The complex is northwest of the town of Sinaia, which is 48 kilometres (30 mi) from Braşov and 124 kilometres (77 mi) from Bucharest. In the southeastern Carpathian Mountains, the complex is composed of three monuments: Peleș Castle, Pelișor Castle, and the Foișor Hunting Lodge.
When King Carol I of Romania (1839–1914), under whose reign the country gained its independence, first visited the site of the future castle in 1866, he fell in love with the magnificent mountain scenery. In 1872, the Crown purchased 5 square kilometres (1.9 sq mi) of land near the Piatra Arsă River. The estate was named the Royal Estate of Sinaia. The King commissioned the construction of a royal hunting preserve and summer retreat on the property, and the foundation was laid for Peleș Castle on 22 August 1873. Several auxiliary buildings were built simultaneously with the castle: the guards’ chambers, the Economat Building, the Foișor hunting lodge, the royal stables, and a power plant. Peleș became the world’s first castle fully powered by locally produced electricity.

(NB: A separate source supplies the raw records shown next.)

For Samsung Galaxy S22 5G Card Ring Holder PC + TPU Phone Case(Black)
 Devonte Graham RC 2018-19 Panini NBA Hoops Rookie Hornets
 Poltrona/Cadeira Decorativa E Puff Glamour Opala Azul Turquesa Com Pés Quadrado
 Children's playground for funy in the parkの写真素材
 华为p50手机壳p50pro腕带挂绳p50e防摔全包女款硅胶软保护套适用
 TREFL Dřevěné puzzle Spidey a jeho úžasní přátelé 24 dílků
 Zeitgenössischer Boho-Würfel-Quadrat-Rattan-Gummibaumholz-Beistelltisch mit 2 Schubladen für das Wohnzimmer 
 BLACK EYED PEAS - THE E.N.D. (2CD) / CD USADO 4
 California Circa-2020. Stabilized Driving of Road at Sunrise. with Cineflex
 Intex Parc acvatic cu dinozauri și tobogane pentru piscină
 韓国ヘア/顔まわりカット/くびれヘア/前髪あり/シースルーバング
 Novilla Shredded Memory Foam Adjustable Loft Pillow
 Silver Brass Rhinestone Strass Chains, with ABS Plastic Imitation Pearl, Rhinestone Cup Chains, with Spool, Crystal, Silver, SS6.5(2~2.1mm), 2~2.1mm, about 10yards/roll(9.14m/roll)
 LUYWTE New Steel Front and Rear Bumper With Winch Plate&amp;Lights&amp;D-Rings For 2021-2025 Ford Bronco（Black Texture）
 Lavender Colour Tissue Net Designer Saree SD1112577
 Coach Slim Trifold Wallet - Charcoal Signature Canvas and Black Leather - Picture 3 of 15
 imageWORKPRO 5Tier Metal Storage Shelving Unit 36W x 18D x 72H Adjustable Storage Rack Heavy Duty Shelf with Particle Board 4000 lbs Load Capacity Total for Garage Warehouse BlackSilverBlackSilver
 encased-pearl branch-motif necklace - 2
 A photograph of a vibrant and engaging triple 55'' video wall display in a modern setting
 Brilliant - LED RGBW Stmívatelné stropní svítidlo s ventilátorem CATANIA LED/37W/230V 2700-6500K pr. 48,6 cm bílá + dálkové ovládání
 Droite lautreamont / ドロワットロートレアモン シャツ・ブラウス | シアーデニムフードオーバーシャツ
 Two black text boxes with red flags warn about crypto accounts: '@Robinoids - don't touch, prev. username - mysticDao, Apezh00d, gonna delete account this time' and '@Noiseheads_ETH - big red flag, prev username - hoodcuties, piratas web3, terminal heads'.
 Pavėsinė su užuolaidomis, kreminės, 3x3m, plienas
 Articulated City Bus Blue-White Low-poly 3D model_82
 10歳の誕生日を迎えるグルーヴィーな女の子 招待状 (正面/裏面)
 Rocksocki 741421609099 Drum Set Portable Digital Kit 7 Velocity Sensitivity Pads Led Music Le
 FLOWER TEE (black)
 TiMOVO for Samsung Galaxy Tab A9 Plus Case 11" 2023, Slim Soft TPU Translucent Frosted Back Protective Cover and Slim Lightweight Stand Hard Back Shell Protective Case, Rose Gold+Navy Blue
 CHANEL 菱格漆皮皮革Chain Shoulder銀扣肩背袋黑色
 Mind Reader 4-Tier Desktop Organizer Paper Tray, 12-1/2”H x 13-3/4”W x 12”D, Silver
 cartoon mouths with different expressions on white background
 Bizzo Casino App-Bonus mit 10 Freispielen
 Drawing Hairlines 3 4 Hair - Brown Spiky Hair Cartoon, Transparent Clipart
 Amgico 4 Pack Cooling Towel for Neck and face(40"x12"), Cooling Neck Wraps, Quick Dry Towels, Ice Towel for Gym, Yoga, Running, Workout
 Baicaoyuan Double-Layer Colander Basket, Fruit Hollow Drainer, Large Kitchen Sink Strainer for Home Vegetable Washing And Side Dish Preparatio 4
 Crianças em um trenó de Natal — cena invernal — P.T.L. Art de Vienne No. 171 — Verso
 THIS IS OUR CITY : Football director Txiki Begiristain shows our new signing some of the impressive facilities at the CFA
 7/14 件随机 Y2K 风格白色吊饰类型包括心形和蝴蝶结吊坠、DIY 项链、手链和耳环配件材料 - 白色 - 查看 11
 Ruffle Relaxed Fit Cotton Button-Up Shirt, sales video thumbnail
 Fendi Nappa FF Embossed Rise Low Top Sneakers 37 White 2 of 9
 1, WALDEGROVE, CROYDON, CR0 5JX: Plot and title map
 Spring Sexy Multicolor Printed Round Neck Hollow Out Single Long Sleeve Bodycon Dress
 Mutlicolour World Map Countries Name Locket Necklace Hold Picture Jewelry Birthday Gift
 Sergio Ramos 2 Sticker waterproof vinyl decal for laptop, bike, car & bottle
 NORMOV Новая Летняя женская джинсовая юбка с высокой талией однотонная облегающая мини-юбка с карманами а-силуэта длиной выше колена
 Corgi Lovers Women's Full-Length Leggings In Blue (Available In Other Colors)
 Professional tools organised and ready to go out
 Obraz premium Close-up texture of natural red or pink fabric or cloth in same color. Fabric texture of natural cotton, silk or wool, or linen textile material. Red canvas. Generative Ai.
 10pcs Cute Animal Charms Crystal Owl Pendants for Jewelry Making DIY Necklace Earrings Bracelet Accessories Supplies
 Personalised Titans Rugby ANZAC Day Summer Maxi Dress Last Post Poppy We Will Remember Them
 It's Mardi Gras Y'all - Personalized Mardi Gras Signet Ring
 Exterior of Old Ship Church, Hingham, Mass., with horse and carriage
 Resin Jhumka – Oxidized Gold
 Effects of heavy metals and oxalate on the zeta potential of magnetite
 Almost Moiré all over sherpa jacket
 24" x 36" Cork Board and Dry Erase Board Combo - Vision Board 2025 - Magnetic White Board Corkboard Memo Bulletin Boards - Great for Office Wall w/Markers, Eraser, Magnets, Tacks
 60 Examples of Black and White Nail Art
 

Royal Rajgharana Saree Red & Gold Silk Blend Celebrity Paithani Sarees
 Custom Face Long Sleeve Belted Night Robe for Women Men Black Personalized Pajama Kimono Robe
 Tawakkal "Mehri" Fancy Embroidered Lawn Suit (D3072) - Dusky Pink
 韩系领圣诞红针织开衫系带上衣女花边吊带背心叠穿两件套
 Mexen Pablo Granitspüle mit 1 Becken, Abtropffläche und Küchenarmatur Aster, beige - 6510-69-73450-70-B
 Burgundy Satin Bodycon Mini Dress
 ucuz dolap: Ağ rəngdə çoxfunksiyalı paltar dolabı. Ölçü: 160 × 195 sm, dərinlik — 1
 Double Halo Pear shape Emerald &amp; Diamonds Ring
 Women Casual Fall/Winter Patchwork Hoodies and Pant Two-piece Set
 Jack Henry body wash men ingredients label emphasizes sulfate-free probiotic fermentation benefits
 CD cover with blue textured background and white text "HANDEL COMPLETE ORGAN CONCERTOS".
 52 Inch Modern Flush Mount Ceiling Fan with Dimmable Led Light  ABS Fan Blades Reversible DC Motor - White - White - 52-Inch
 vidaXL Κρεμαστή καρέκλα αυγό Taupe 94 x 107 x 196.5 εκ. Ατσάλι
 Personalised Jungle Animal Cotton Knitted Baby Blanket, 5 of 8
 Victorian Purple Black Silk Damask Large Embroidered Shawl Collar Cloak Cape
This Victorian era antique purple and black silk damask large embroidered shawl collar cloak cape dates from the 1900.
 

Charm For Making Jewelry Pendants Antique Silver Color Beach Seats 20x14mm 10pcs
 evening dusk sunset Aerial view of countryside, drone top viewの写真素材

The cost of the work on the castle undertaken between 1875 and 1914 was estimated to be 16,000,000 Romanian lei in gold (approx. US$ 120 million today). Between three and four hundred men worked on the construction. Queen Elisabeth of the Romanians, during the construction phase, wrote in her journal:
Italians were masons, Romanians were building terraces, the Gypsies were coolies. Albanians and Greeks worked in stone, Germans and Hungarians were carpenters. Turks were burning brick. Engineers were Polish and the stone carvers were Czech. The Frenchmen were drawing, the Englishmen were measuring, and so was then when you could see hundreds of national costumes and fourteen languages in which they spoke, sang, cursed and quarreled in all dialects and tones, a joyful mix of men, horses, cart oxen and domestic buffaloes.